## What the exercise asks
Only the pictures are to be dropped; the rest of the data below is to be duplicated exactly.

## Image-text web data
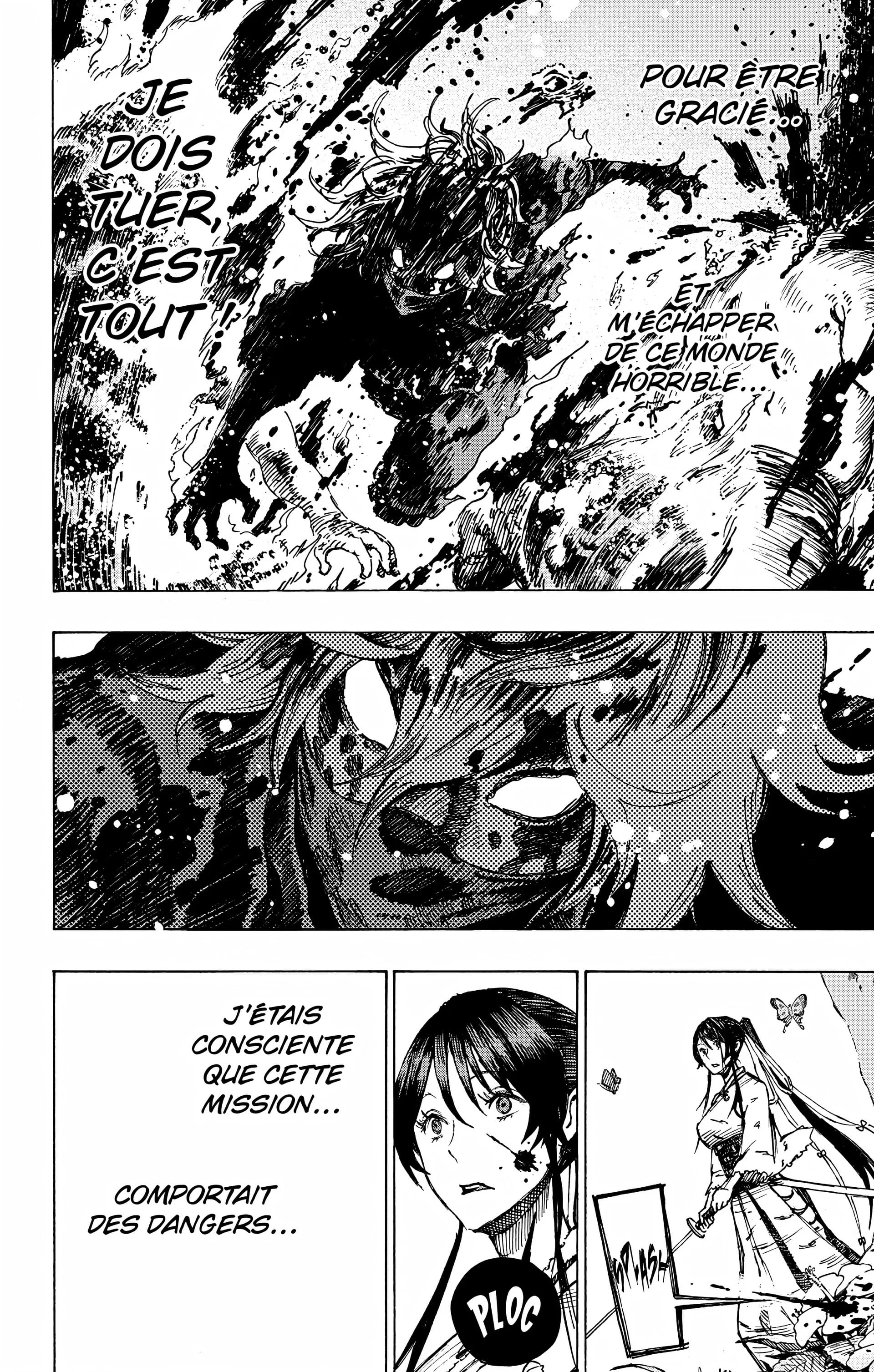Chapter Image 630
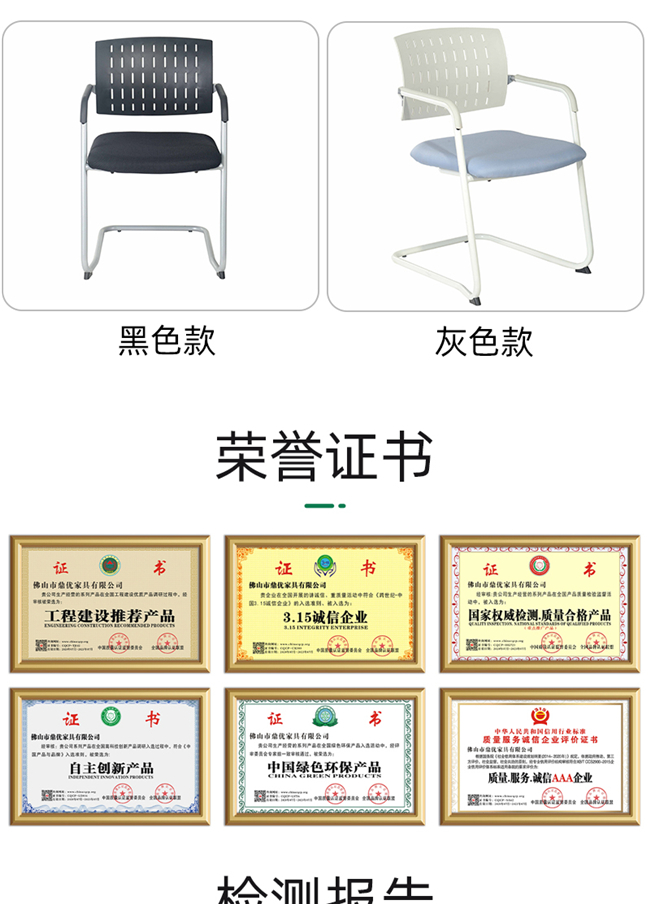接待會(huì)客椅,會(huì)客椅廠家 接待會(huì)客椅,會(huì)客椅廠家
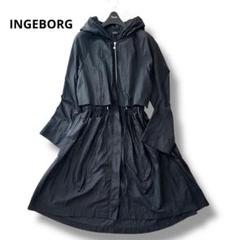 2025年最新】インゲボルグ INGEBORG カメリアの人気アイテム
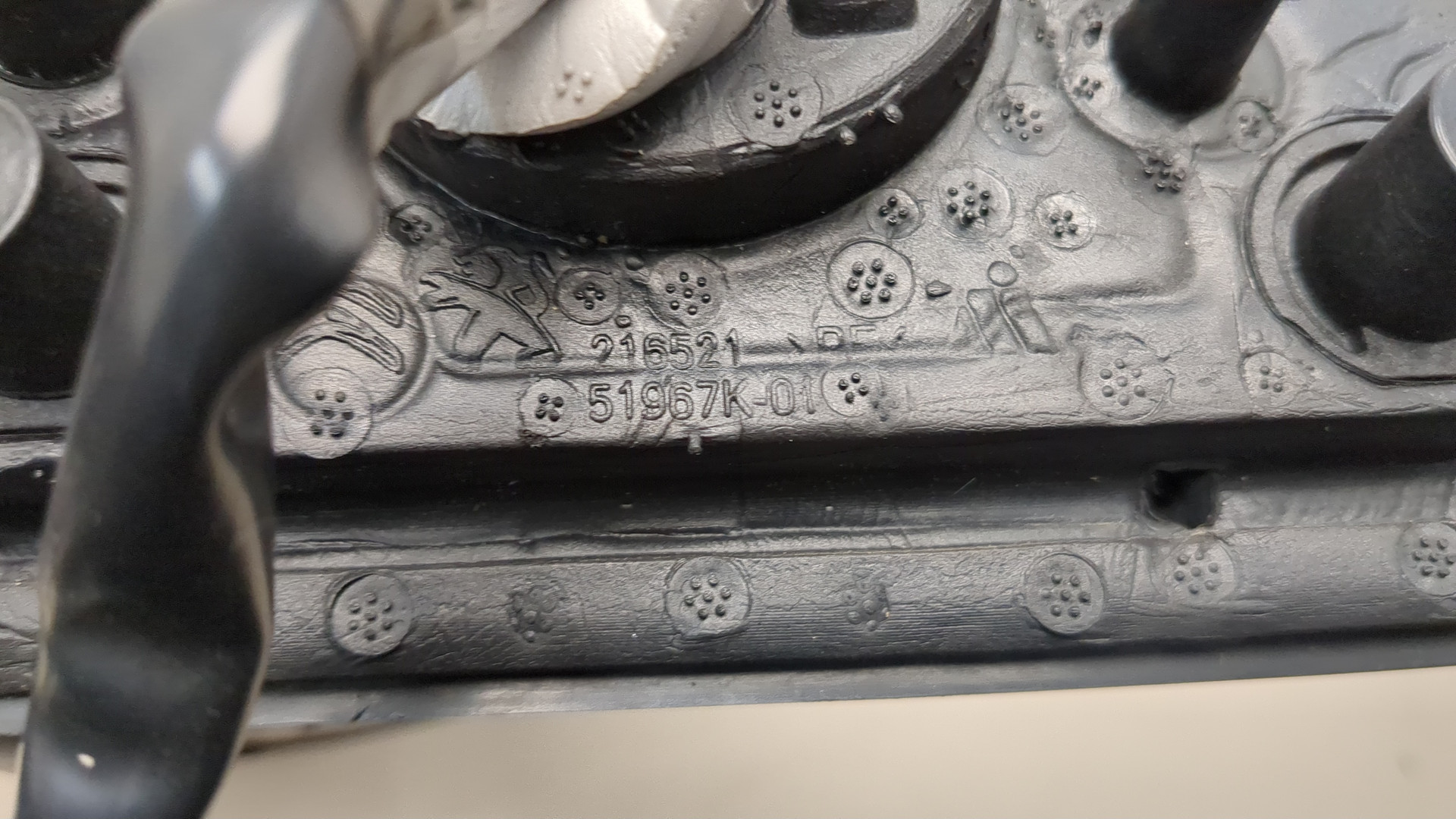 Зеркало левое электрическое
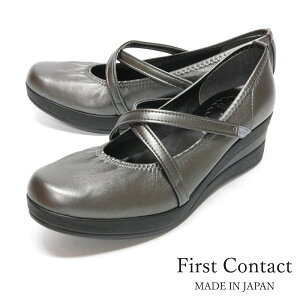 y12/15 20`4HPT10{zy19%OFFz { pvX tbg ARCH FIRST CONTACT t@[XgR^Ng S L LL 22 22.5 23 23.5 24 24.5 39048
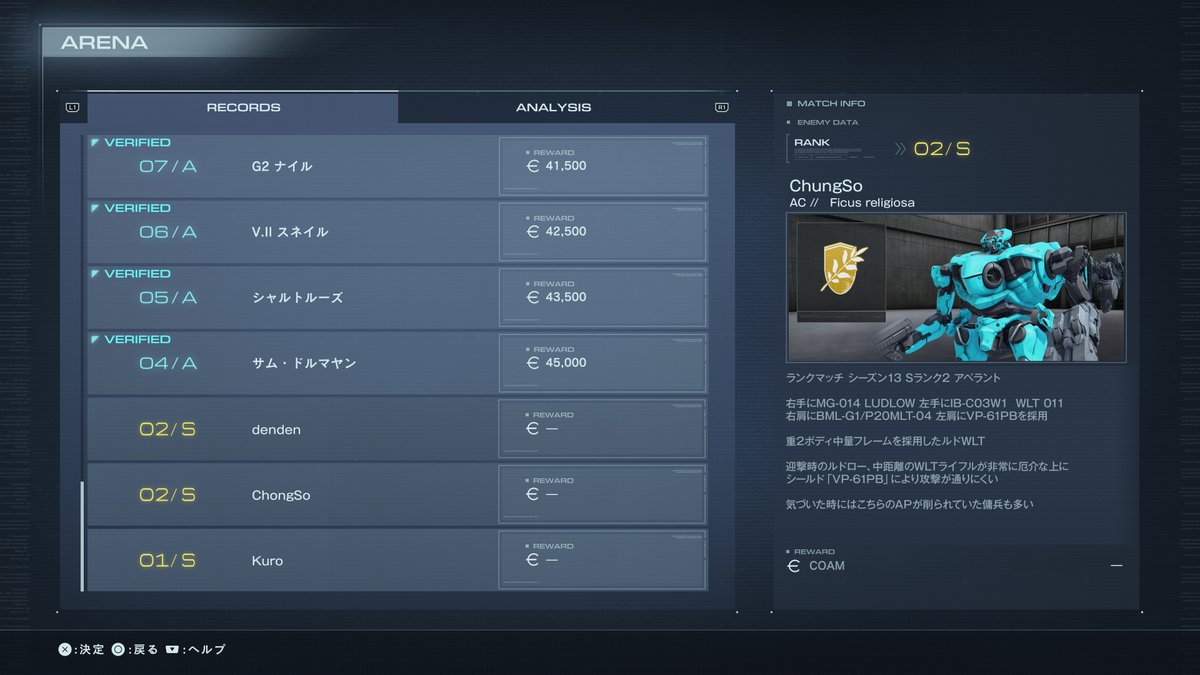 うめりん tweet media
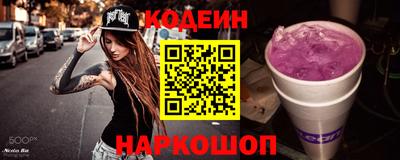 соль ск Берёзовский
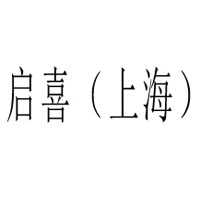 啟喜（上海）商貿(mào)有限公司
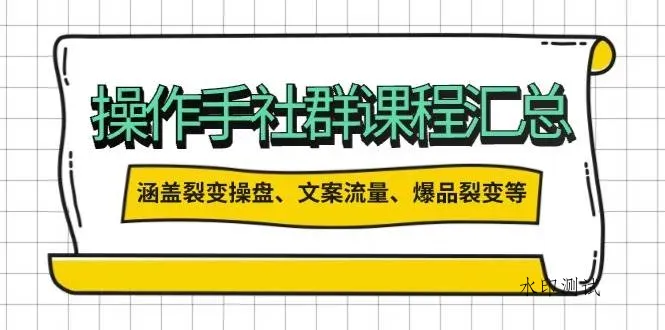 操盘手社群课程汇总，涵盖裂变操盘、文案流量、爆品裂变等多方面内容智研卡密分销 | 创作者分成平台 | 商业全案定制 | 域名交易平台 | 运营方案 | 积分兑换系统 | 知识付费社群智研新知品牌官方网站站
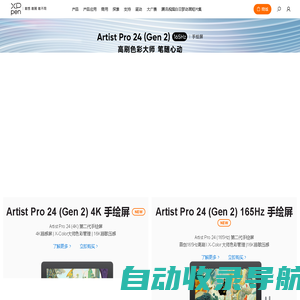 XPPen 新一代手绘屏，手绘板，数位板；画笔带颗芯，绘画更灵敏 | 汉王友基 | XPPen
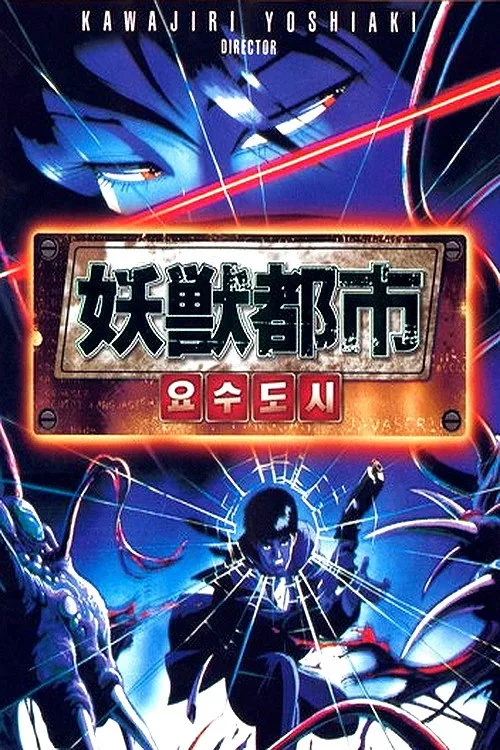 Wicked City
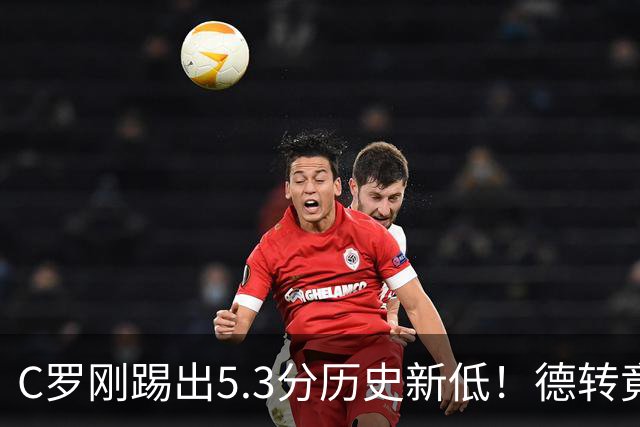 C罗刚踢出5.3分历史新低！德转竟把他硬塞进金球奖遗珠阵容！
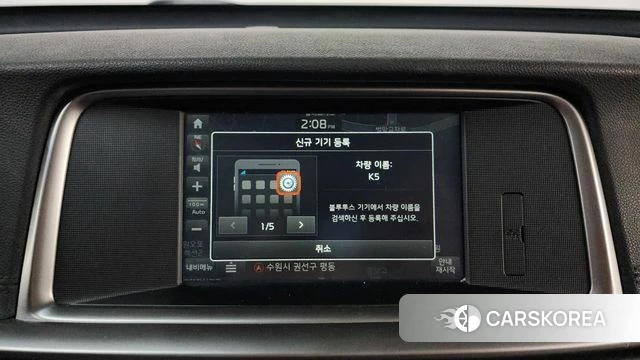 Kia The New K5 2nd generation id 3886371 из Кореи 7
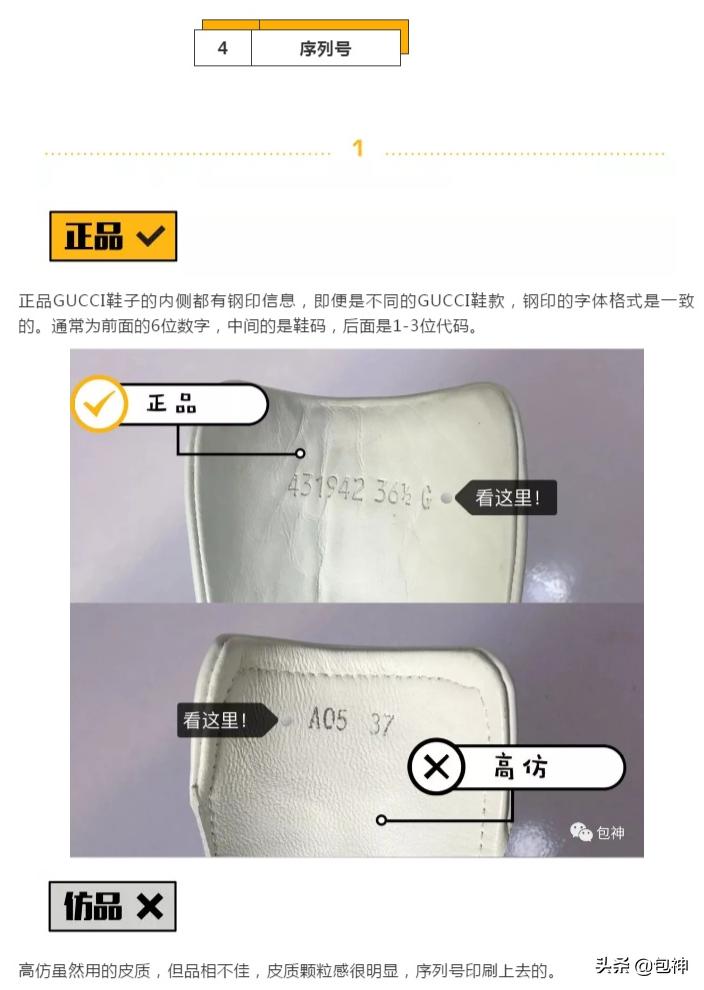 gucci小白鞋真假辨别,包包鉴定gucci迷你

## Answer for this exercise
Chapter Image 630
接待會(huì)客椅,會(huì)客椅廠家 接待會(huì)客椅,會(huì)客椅廠家
 2025年最新】インゲボルグ INGEBORG カメリアの人気アイテム
 Зеркало левое электрическое
 y12/15 20`4HPT10{zy19%OFFz { pvX tbg ARCH FIRST CONTACT t@[XgR^Ng S L LL 22 22.5 23 23.5 24 24.5 39048
 うめりん tweet media
 соль ск Берёзовский
 啟喜（上海）商貿(mào)有限公司
 操盘手社群课程汇总，涵盖裂变操盘、文案流量、爆品裂变等多方面内容智研卡密分销 | 创作者分成平台 | 商业全案定制 | 域名交易平台 | 运营方案 | 积分兑换系统 | 知识付费社群智研新知品牌官方网站站
 XPPen 新一代手绘屏，手绘板，数位板；画笔带颗芯，绘画更灵敏 | 汉王友基 | XPPen
 Wicked City
 C罗刚踢出5.3分历史新低！德转竟把他硬塞进金球奖遗珠阵容！
 Kia The New K5 2nd generation id 3886371 из Кореи 7
 gucci小白鞋真假辨别,包包鉴定gucci迷你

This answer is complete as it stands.